Recall that paths consist of steps, and each step "crosses" a given segment. FlatGFA stores a list of steps for each path; you can look at these steps to see which segments are involved. However, if you want to find all the paths that cross a particular segment, it's kinda slow: you have to look at every path in the entire graph and walk down its step list to see if there is a step for the segment of interest. The steps-by-segment index is meant to speed up this operation. It simply stores, for every segment, a list of every step from any path that traverses that segment. Notice that this information is redundant: we are storing something that we already "know" from a different data source (the list of steps for each path). But this redundancy is good for performance when you need it. (That's why I'm calling it an "index," like in databases: it's a redundant data structure that makes certain queries fast.)
In Rusty terms, here is what a steps-by-segment index looks like:
struct StepRef {
path: Id<Path>; // The path that this step is from.
offset: u32; // The offset within this path where this step occurs.
}
steps: Vec<StepRef>,
segment_steps: Vec<Span<StepRef>>,Basically, the idea is that StepRef is what you need to refer to a specific step in a specific path. We have one giant, flat pool of StepRefs, and every segment records a range in that pool for all the steps that cross that segment.
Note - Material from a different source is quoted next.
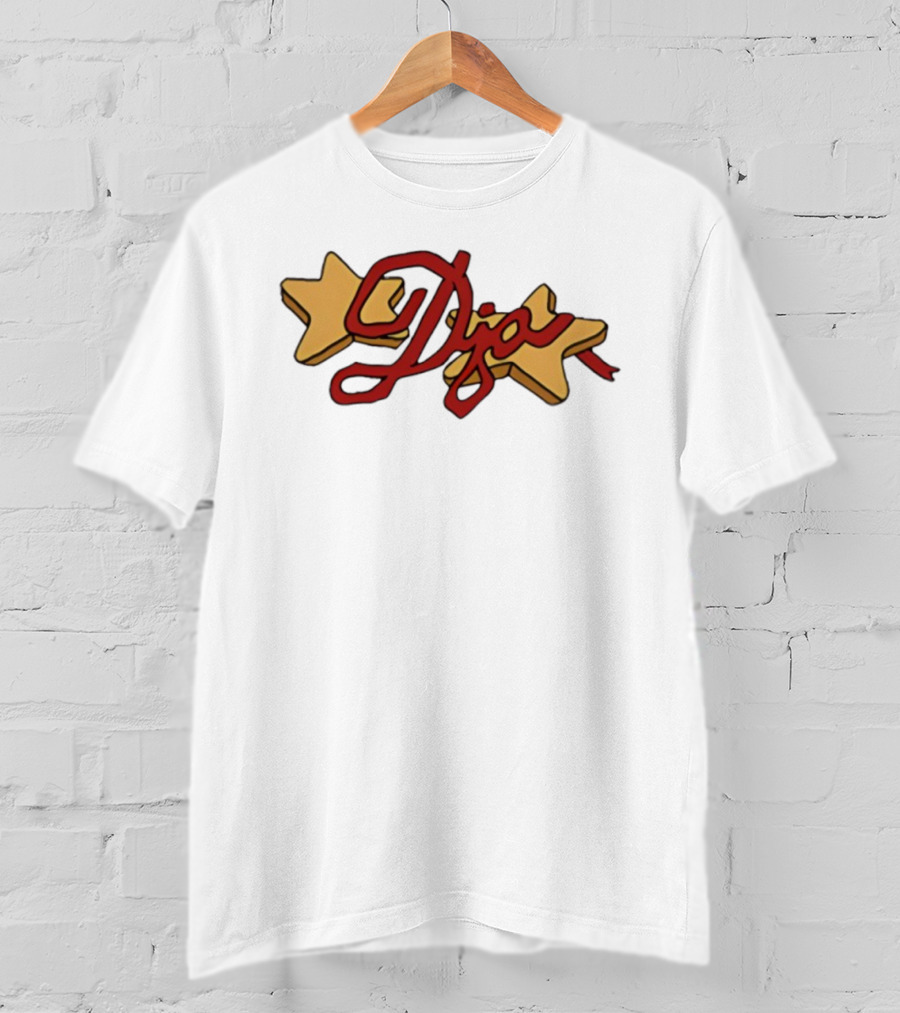 Djo Another Bite Tour 2025 Star Icons Red Letters T-Shirt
Let's try adding this index into FlatGFA in a few steps:
- Build an in-memory steps-by-segment index. Here, we don't change the file format at all. Instead, we just provide a function that builds a steps-by-segment index in memory to support fast queries. So if you want to use this, you have to first explicitly construct the index and then query it.
- Try this out in
odgi depth, which is a best-case scenario for benefitting from the index (it just counts the size of theSpan<StepRef>for each segment). Measure the performance increase when the index exists, and measure the time taken to construct the index. Is it a win end-to-end (doe the speed benefit outweigh the cost of index construction)? - Consider inventing an on-disk way to store the steps-by-segment index. It would be great if this were optional, i.e., FlatGFA files could decide whether they want to include the index or not. For files that do opt into storing the index, this means that commands like
odgi depthdon't have to construct the index first; they can use it directly. - Add Python bindings for the index.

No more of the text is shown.